Produce a word-for-word copy of the data that follows, excluding images.

Exercise materials section start

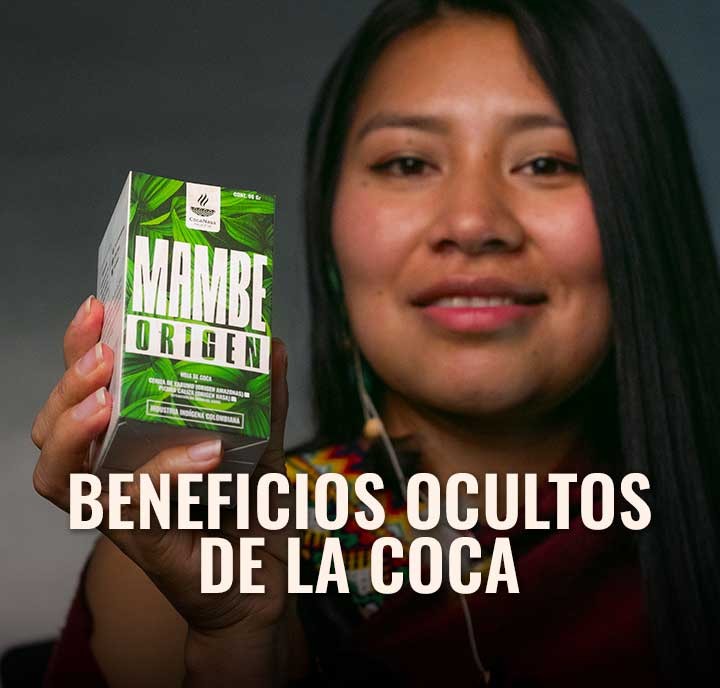 ¿Qué vitaminas posee la hoja de coca y cómo te benefician?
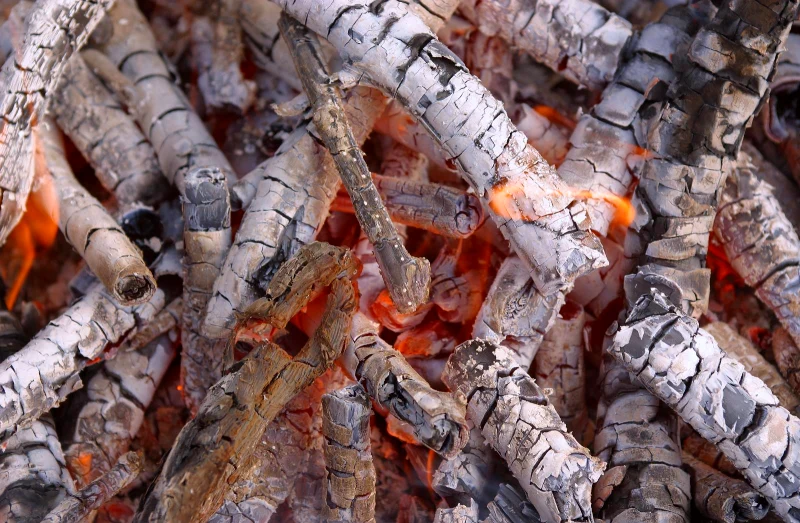 cendres de bois feu utilisation dans le compost jardin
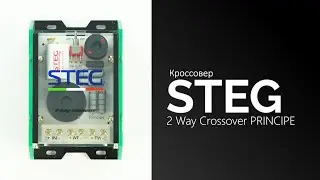 Распаковка кроссовера STEG 2 Way Crossover PRINCIPE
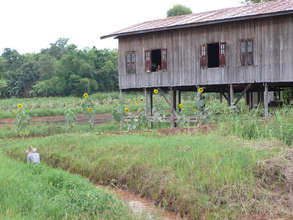 Lake House and Water-based Garden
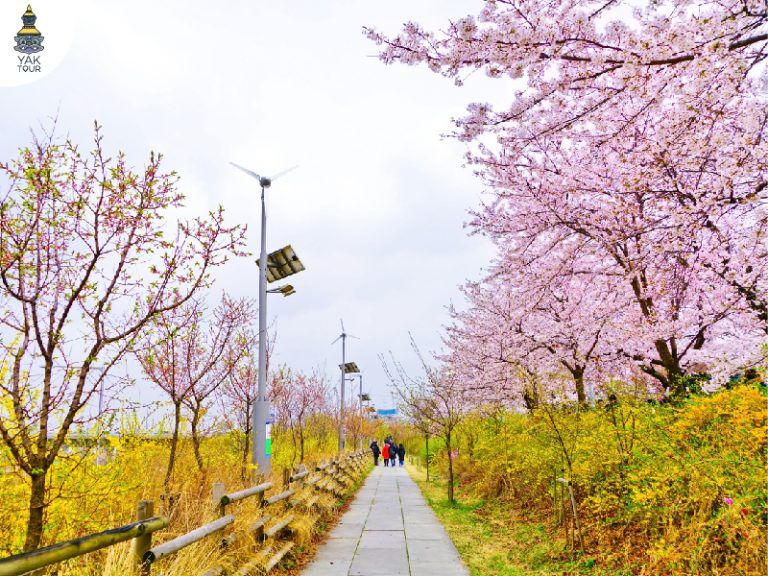 ต้นซากุระสวยงาม ใน อุทยานฮันคังยออีโด ประเทศเกาหลี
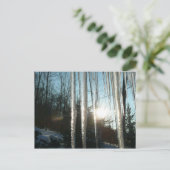 Sunrise Through Icicles Winter Natuur Fotografie Briefkaart (Staand voorkant)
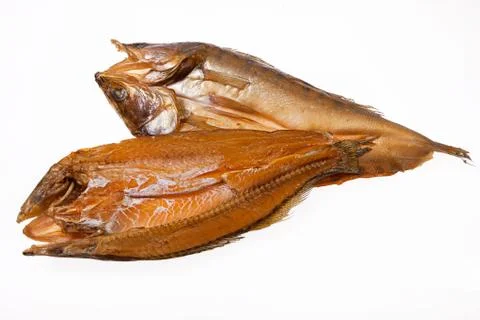 Fish Stock Photos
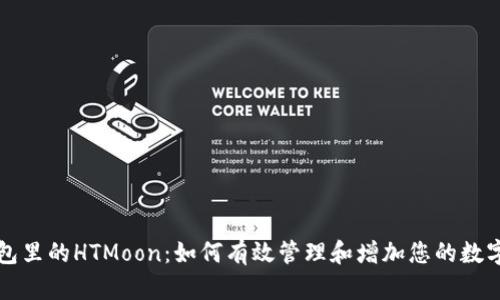 TP钱包里的HTMoon：如何有效管理和增加您的数字资产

Exercise materials section end

== Reply to the exercise ==
 ¿Qué vitaminas posee la hoja de coca y cómo te benefician?
 cendres de bois feu utilisation dans le compost jardin
 Распаковка кроссовера STEG 2 Way Crossover PRINCIPE
 Lake House and Water-based Garden
 ต้นซากุระสวยงาม ใน อุทยานฮันคังยออีโด ประเทศเกาหลี
 Sunrise Through Icicles Winter Natuur Fotografie Briefkaart (Staand voorkant)
 Fish Stock Photos
 TP钱包里的HTMoon：如何有效管理和增加您的数字资产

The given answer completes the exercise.